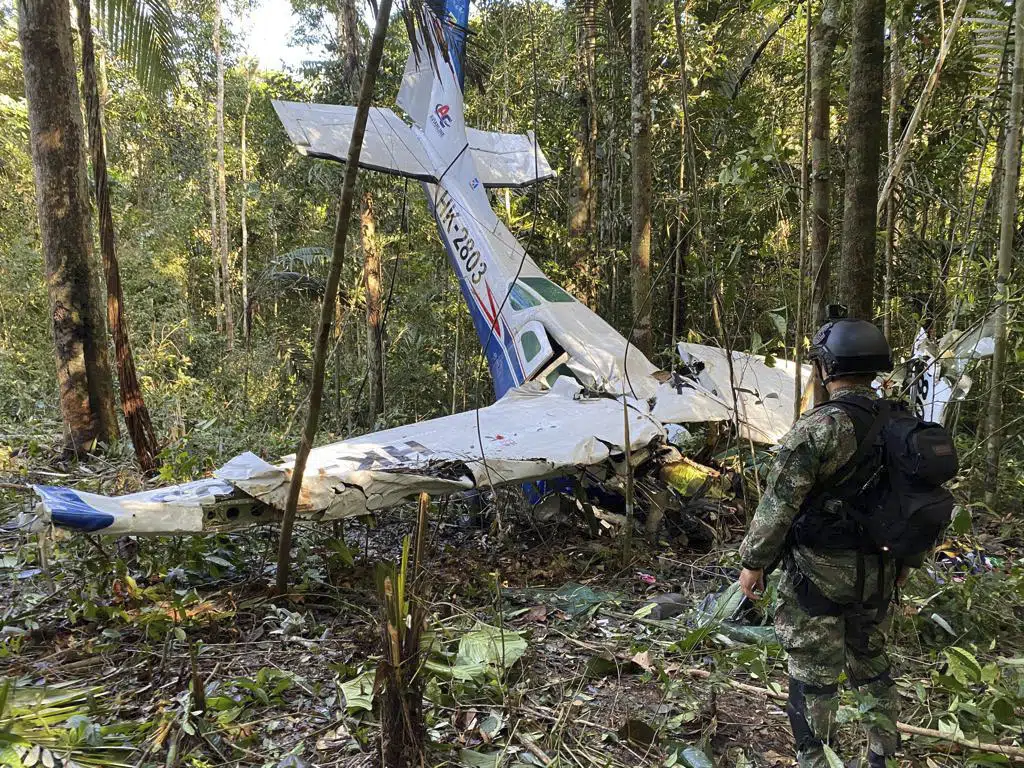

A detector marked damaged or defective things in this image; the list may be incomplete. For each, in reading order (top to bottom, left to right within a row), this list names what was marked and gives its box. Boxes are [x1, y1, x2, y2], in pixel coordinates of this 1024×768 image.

crashed small aircraft [28, 0, 976, 536]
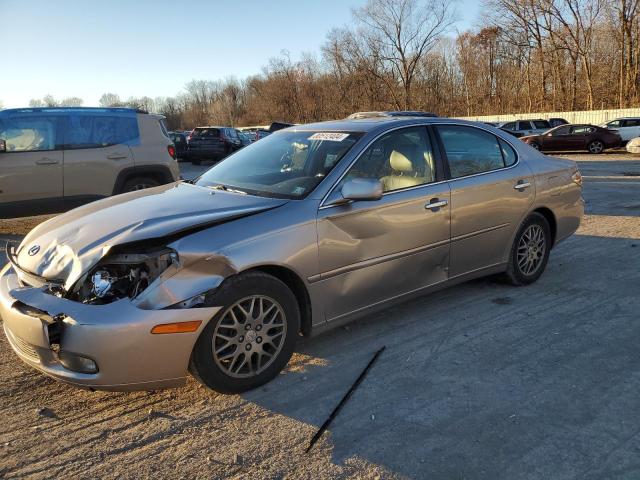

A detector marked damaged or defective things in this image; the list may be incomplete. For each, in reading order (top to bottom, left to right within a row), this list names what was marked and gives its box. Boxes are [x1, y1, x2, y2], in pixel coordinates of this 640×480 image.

damaged front bumper [0, 264, 220, 392]
missing headlight [71, 248, 178, 304]
crumpled front hood [15, 183, 288, 288]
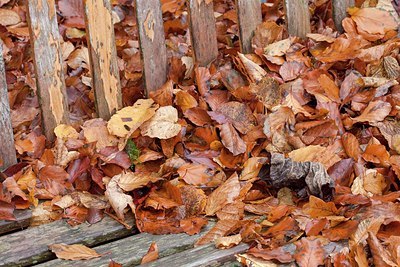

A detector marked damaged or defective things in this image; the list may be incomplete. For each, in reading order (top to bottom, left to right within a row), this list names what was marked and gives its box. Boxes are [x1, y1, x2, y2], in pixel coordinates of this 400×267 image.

splintered wood edge [26, 0, 69, 142]
splintered wood edge [83, 0, 121, 120]
splintered wood edge [135, 0, 168, 95]
splintered wood edge [188, 0, 219, 66]
splintered wood edge [236, 0, 260, 54]
splintered wood edge [282, 0, 310, 38]
splintered wood edge [332, 0, 354, 32]
splintered wood edge [0, 43, 16, 170]
splintered wood edge [0, 210, 32, 236]
splintered wood edge [0, 216, 133, 267]
splintered wood edge [35, 222, 216, 267]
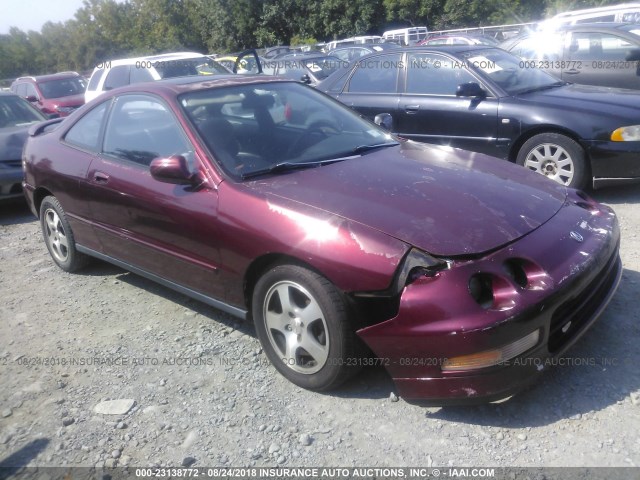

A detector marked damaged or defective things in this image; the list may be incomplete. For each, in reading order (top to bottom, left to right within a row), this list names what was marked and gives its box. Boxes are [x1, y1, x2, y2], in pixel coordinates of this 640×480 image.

exposed headlight housing [608, 124, 640, 142]
exposed headlight housing [444, 328, 540, 374]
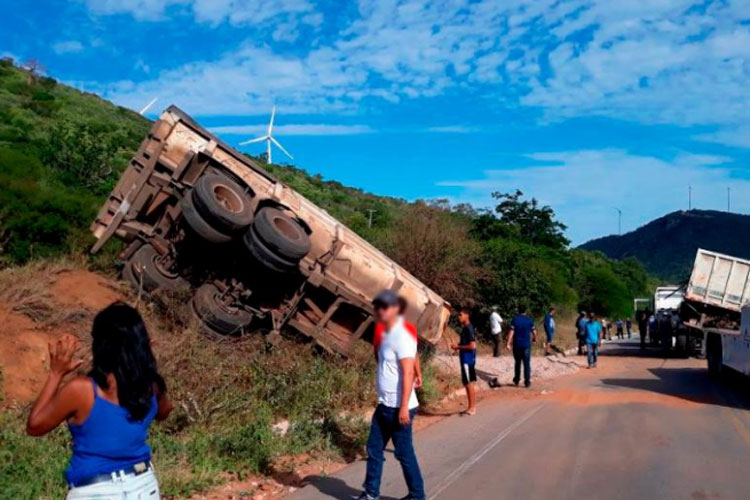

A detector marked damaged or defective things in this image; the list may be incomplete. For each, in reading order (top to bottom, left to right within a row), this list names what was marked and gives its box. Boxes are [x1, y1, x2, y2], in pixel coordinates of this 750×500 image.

overturned truck [90, 107, 450, 354]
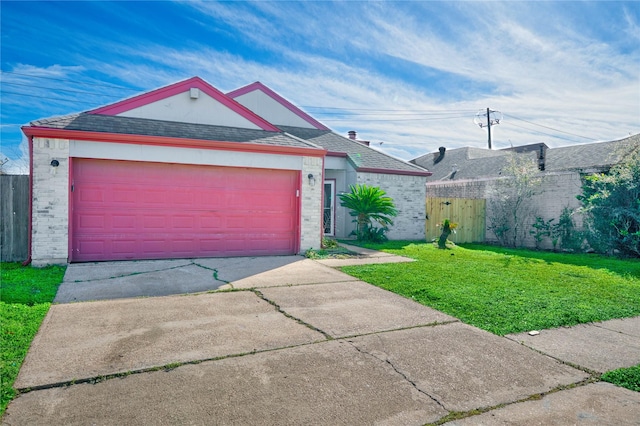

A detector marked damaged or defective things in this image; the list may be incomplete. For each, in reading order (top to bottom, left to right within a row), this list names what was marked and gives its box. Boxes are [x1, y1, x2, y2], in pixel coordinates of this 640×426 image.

driveway crack [348, 338, 448, 412]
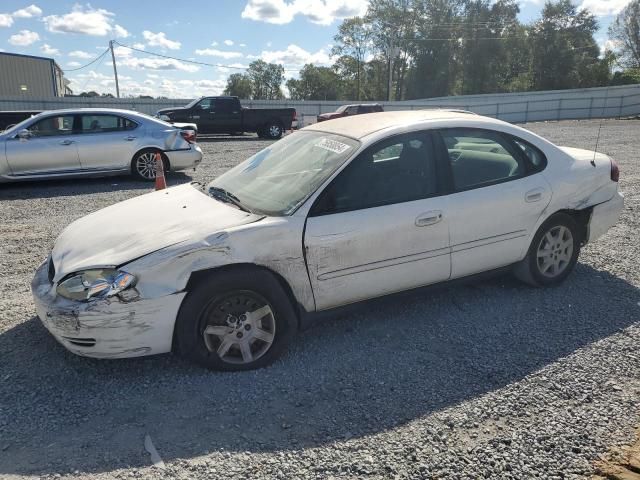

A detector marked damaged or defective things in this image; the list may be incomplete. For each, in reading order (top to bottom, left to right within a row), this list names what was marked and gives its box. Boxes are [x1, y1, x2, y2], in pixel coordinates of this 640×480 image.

crumpled front bumper [30, 260, 185, 358]
damaged white car [32, 110, 624, 370]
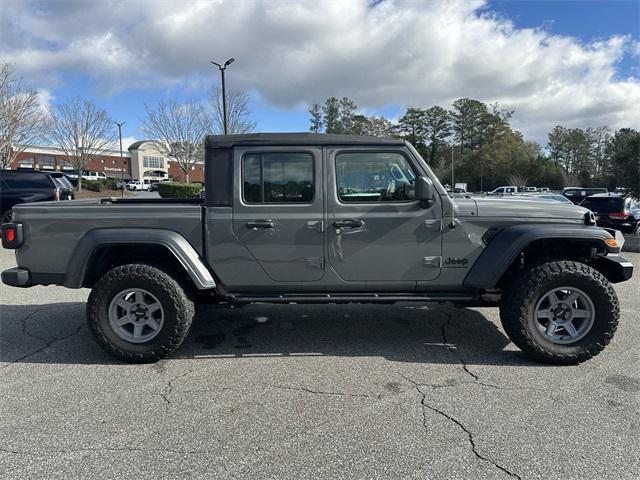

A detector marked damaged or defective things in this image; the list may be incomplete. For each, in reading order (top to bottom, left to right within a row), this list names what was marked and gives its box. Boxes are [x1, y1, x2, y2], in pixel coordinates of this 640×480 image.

cracked asphalt [0, 249, 636, 478]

* **Activity**
Set down each entry again exactly as written. Pictures stay out.

* **Task solution**
A detector marked damaged or defective things in this image; the list may be incomplete. For each, in reading order (top to bottom, left to right within a row), this list names what was marked and gives its box. Boxes are [x1, y1, x2, y2], in pixel coordinates of this 1024×768 image.

crashed small aircraft [28, 0, 976, 536]

A detector marked damaged or defective things in this image; the list may be incomplete. For each, in reading order (top to bottom, left to right within a row), this list names what was marked and gives its box. Boxes are [x1, y1, x2, y2], in pixel coordinates of this 640×480 image.

damaged front bumper [0, 264, 220, 392]
missing headlight [71, 248, 178, 304]
crumpled front hood [15, 183, 288, 288]

A detector marked damaged or defective things in this image; the list may be incomplete. For each, in reading order (top to bottom, left to right within a row), this list names what was marked and gives its box. Boxes are [x1, y1, x2, y2], in pixel coordinates of this 400×267 image.

splintered wood edge [26, 0, 69, 142]
splintered wood edge [83, 0, 121, 120]
splintered wood edge [135, 0, 168, 95]
splintered wood edge [188, 0, 219, 66]
splintered wood edge [236, 0, 260, 54]
splintered wood edge [282, 0, 310, 38]
splintered wood edge [332, 0, 354, 32]
splintered wood edge [0, 43, 16, 170]
splintered wood edge [0, 210, 32, 236]
splintered wood edge [0, 216, 133, 267]
splintered wood edge [35, 222, 216, 267]

A detector marked damaged or defective things in this image; the list may be incomplete. For each, in reading order (top to bottom, left to right within a row), this list names what was marked and gives its box. Boxes are [x1, y1, x2, y2], in pixel coordinates of this 640×480 image.

exposed headlight housing [608, 124, 640, 142]
exposed headlight housing [444, 328, 540, 374]

A detector marked damaged or defective things in this image; the list may be incomplete. For each, in reading order (top to bottom, left to right within a row), this list names what was marked and gives its box. Boxes are [x1, y1, x2, y2], in pixel coordinates of this 750×500 image.

overturned truck [90, 107, 450, 354]

A detector marked damaged or defective things in this image; the list may be incomplete. For each, in reading order (top to bottom, left to right within a row), this list names what was marked and gives its box. Boxes are [x1, y1, x2, y2], in pixel coordinates of this 640×426 image.

driveway crack [348, 338, 448, 412]

A detector marked damaged or defective things in this image; the list may be incomplete. For each, in reading order (top to bottom, left to right within a row), this list names what was marked and gives its box. Boxes are [x1, y1, x2, y2], in pixel coordinates of this 640×480 image.

crumpled front bumper [30, 260, 185, 358]
damaged white car [32, 110, 624, 370]

A detector marked damaged or defective things in this image; the list may be incomplete. For each, in reading order (top to bottom, left to right within a row), this list names what was marked and gives its box. Boxes are [x1, y1, x2, y2], in pixel coordinates of this 640×480 image.

cracked asphalt [0, 249, 636, 478]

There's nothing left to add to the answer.